At argument, counsel pressed only the failure of the court to quash the indictment. We believe there is no merit in defendant’s position.
The transcript reveals that defendant waived a hearing, and we know of no impediment in the law for his so doing. The Act of May 14, 1915, P. L. 499, 42 PS §1080, giving the accused the right to be heard provides:
“Hereafter, upon a preliminary hearing before a magistrate for the purpose of determining whether a person charged with any crime or misdemeanor against the laws, except murder, manslaughter, arson, rape, mayhem, sodomy, buggery, robbery, or burglary, ought to be committed for trial, the person accused, and all persons on behalf of the person accused, shall *306be heard if the person accused shall so demand .” (Italics supplied).
It is thus clear that such right to be heard at a preliminary hearing is not self-executing and must be demanded: Commonwealth ex rel. Gaurich v. Keenan, 181 Pa. Superior Ct. 619, 623.
It is our understanding that defendant wished us to either accept the affidavit which he has filed denying that a hearing was waived, or to hold, prior to the trial, an inquiry permitting the production of evidence by defendant and the Commonwealth and thus pass upon, preliminarily, the factual determination of the question as to whether or not there had been a waiver of the hearing. Even in the affidavit there is no contention that a preliminary hearing was demanded and refused.
In any event, alleged defects or irregularities preliminary or antecedent to the indictment should not be considered on a motion to quash, and such a motion based upon the allegation of extraneous factors should not be sustained, unless it clearly appears that defendant has been harmed by some improper conduct that interfered with his substantial rights: Commonwealth v. Brownmiller, 141 Pa. Superior Ct. 107, 116; Commonwealth v. Gross, 172 Pa. Superior Ct. 85, 92; Commonwealth v. O’Brien, 181 Pa. Superior Ct. 382, 397; Commonwealth v. Evans, 190 Pa.

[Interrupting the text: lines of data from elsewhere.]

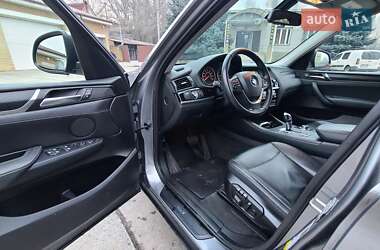 Внедорожник / Кроссовер BMW X3 2015 в 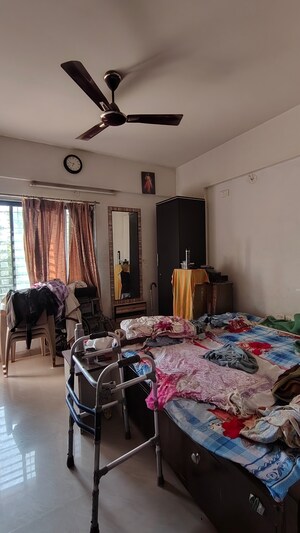 Bedroom in 2 BHK Apartment at Bavdhan – for Sale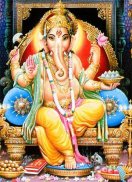 Lord Ganesha Wallpaper HD screenshot 2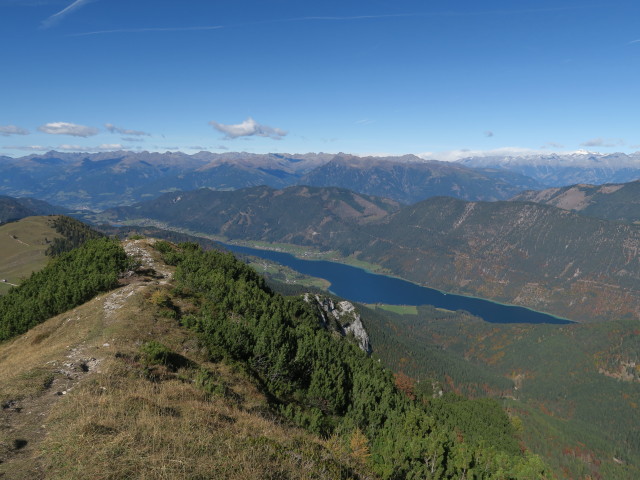 Weg 229 zwischen Golz und Sattelk&ouml;pfe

Superior Ct. 179, 197. In addition, the cases are myriad which hold that the entry of bail waives procedural errors and this is especially so when the motion to quash is made after an indictment found: See Commonwealth v. Poley, 173 Pa. Superior Ct. 331, and cases there cited; Commonwealth v. Weinstein, 177 Pa. Superior Ct. 1; Commonwealth v. Schwartz, 178 Pa. Superior Ct. 434, 446.
Defendant also advances the rather specious argument that since he was brought before the justice of *307the peace about one and three-quarters hours after his arrest, and since he was charged with being intoxicated at the time of his 'arrest, it necessarily follows that he was intoxicated at the time he waived the hearing. This in spite of the fact that defendant vigorously contested his intoxication at the trial. We think no useful purpose would be served by pointing out the weaknesses of this contention.